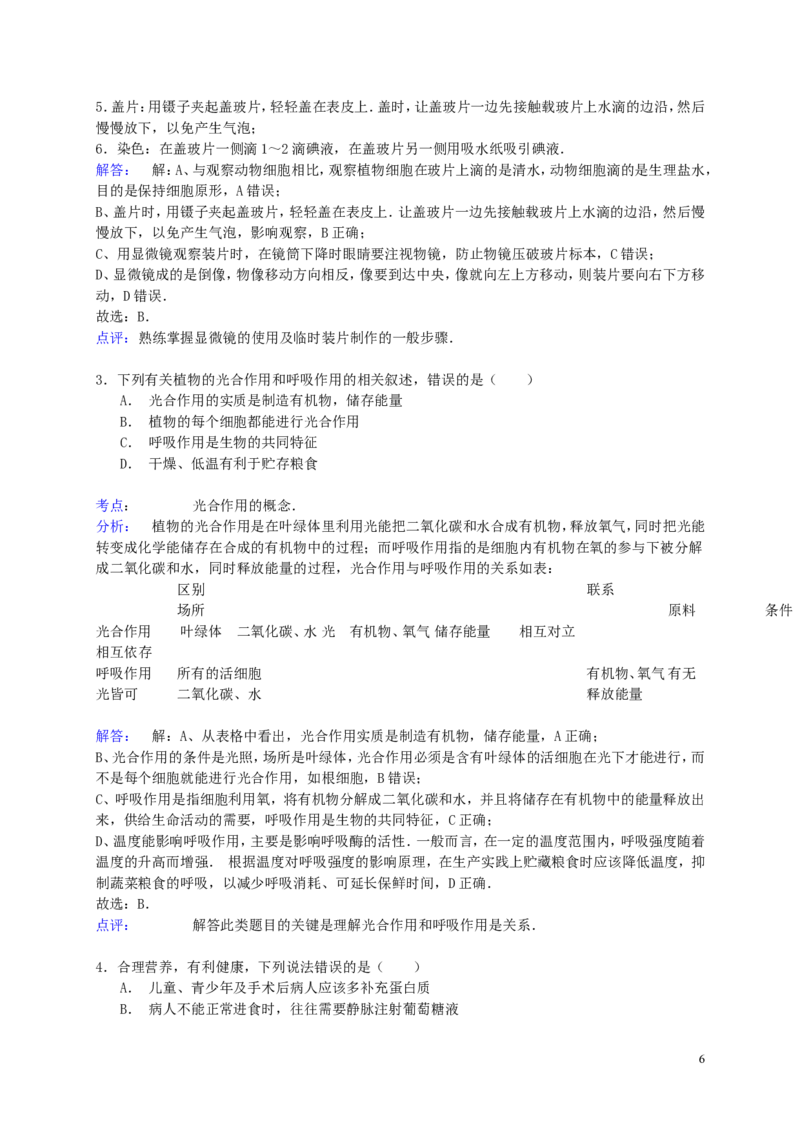 四川省南充市2015年中考生物真题试题（含解析）_8.生物中考真题2015-2024年_2015年全国中考生物74份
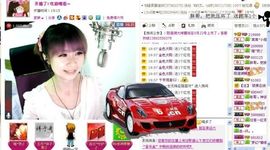 ゛菜菜°小妞♀主播照片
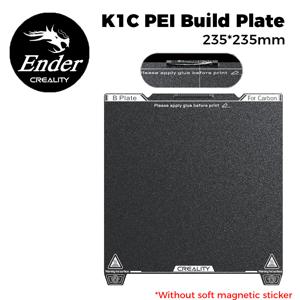 Creality 공식 오리지널 K1C PEI 빌드 플레이트(연질 자기 스티커 없음) 235x235mm K1C 인쇄 플레이트폼 보드 서리로 덥음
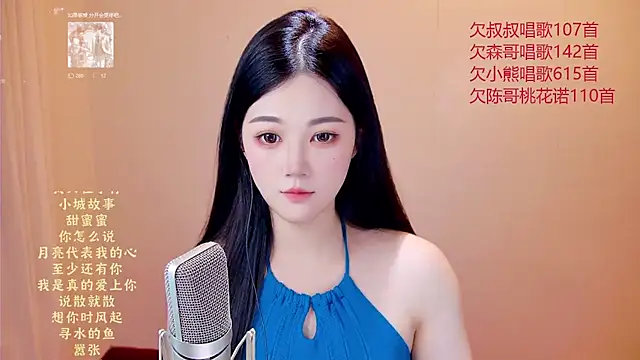 memeda online show from 07.23.26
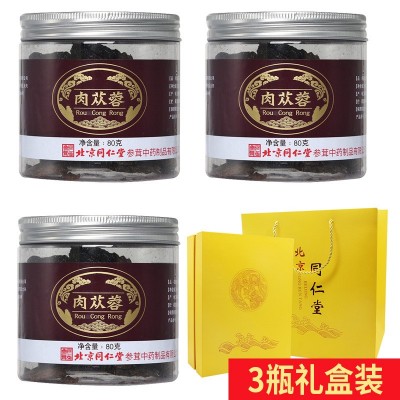 北京同仁堂 肉苁蓉片 泡茶泡酒 男性滋补 新疆油肉苁蓉 礼盒套装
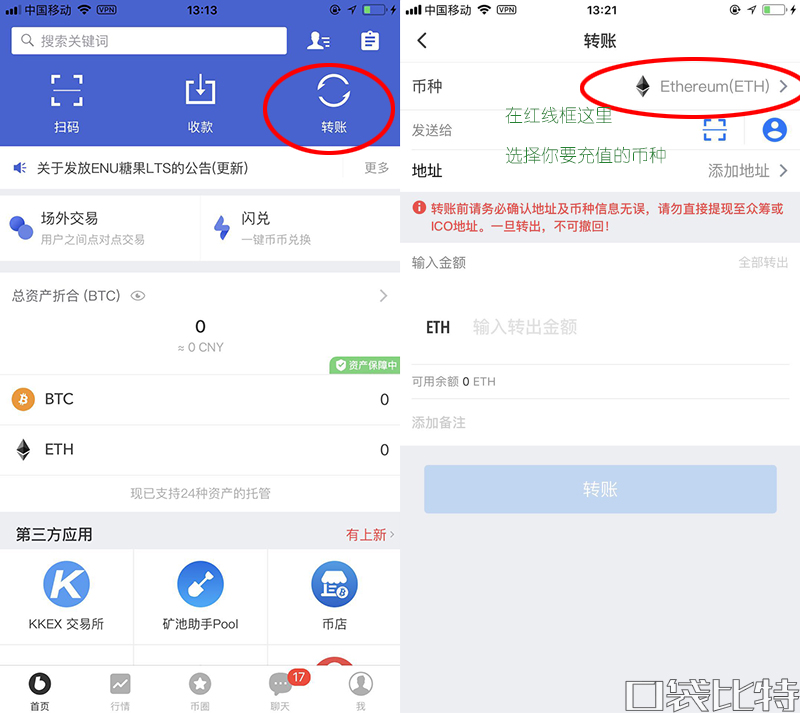 币信钱包怎么样安全吗（币信钱包注册使用教程)-第9张图片-欧易下载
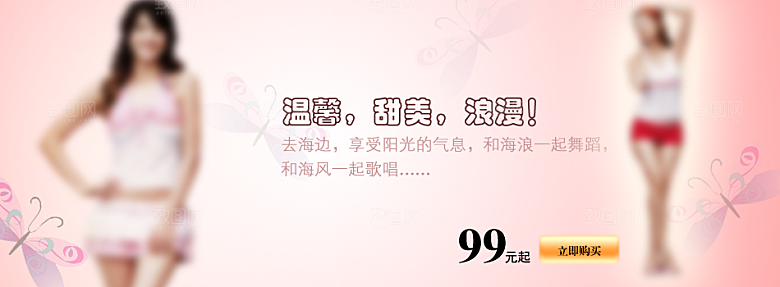 淘宝女装背影海报banner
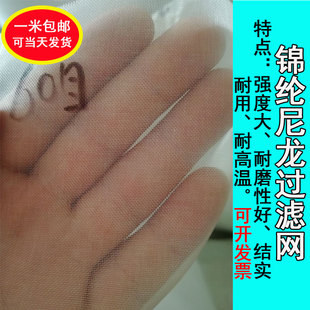 锦纶尼龙工业过滤网筛网尼龙x网细眼尼龙过滤布网布网纱食品级喷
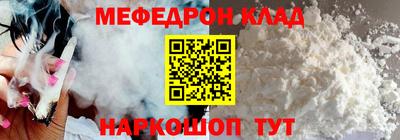 дурь Лесосибирск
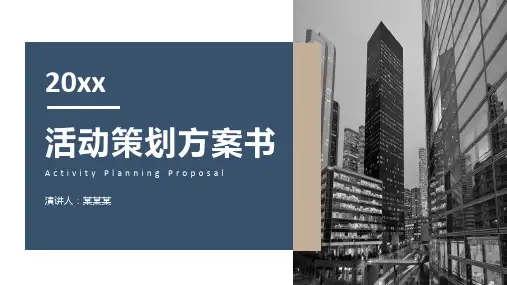 活动策划方案书PPT模板
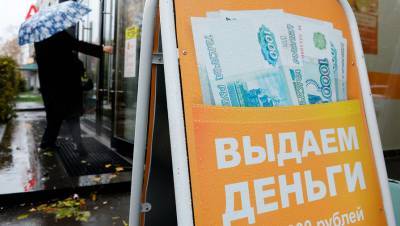 В Петербурге ограбили офис микрофинансовой организации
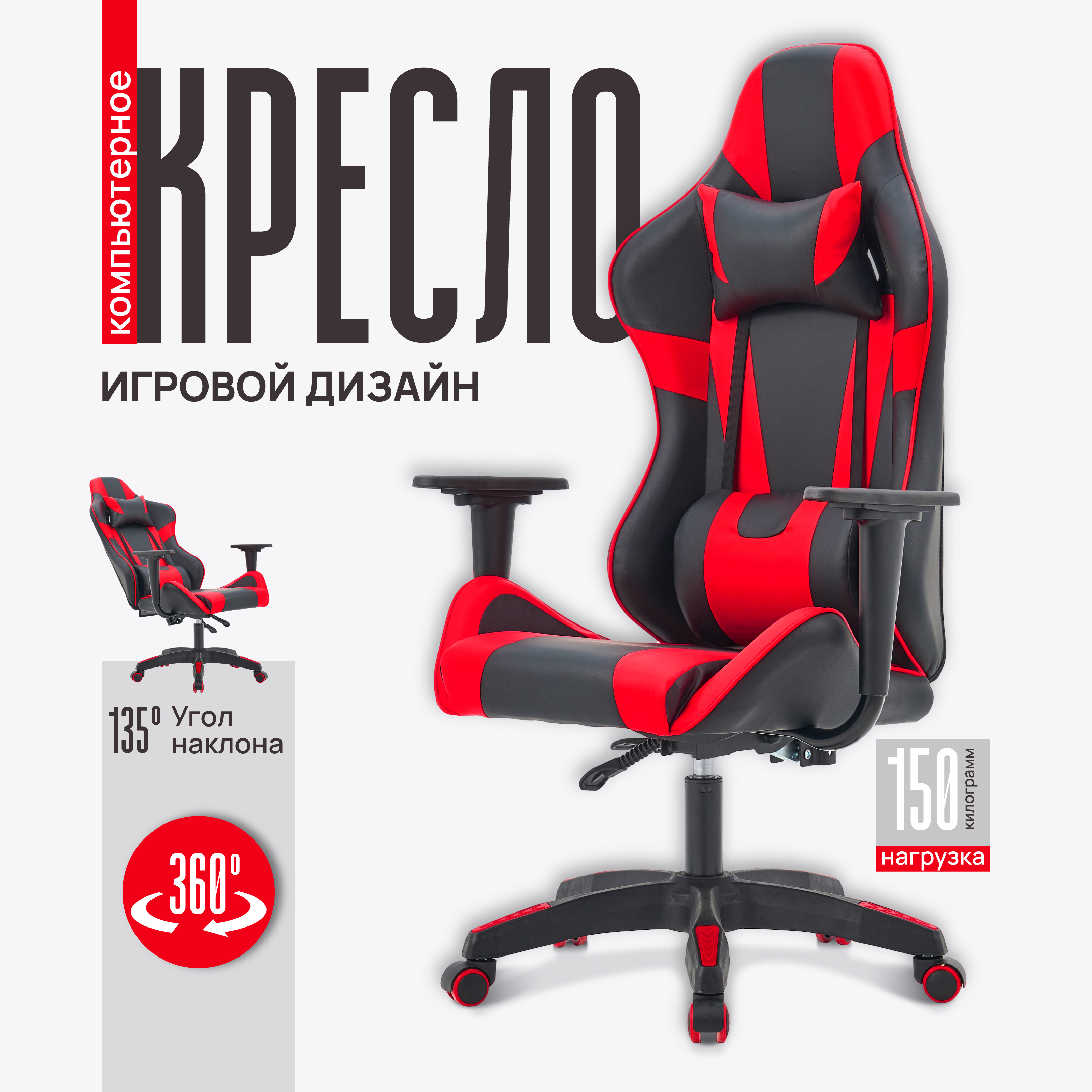 Изображение товара Компьютерное игровое кресло Ami Winner красное и черное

────────────────────────────────────────

= Problem statement =
Through the line containing "В Петербурге ограбили" and no further, restate the data above word for word from its first line, leaving out pictures.

= Expected answer =
 四川省南充市2015年中考生物真题试题（含解析）_8.生物中考真题2015-2024年_2015年全国中考生物74份
 ゛菜菜°小妞♀主播照片
 Creality 공식 오리지널 K1C PEI 빌드 플레이트(연질 자기 스티커 없음) 235x235mm K1C 인쇄 플레이트폼 보드 서리로 덥음
 memeda online show from 07.23.26
 北京同仁堂 肉苁蓉片 泡茶泡酒 男性滋补 新疆油肉苁蓉 礼盒套装
 币信钱包怎么样安全吗（币信钱包注册使用教程)-第9张图片-欧易下载
 淘宝女装背影海报banner
 锦纶尼龙工业过滤网筛网尼龙x网细眼尼龙过滤布网布网纱食品级喷
 дурь Лесосибирск
 活动策划方案书PPT模板
 В Петербурге ограбили офис микрофинансовой организации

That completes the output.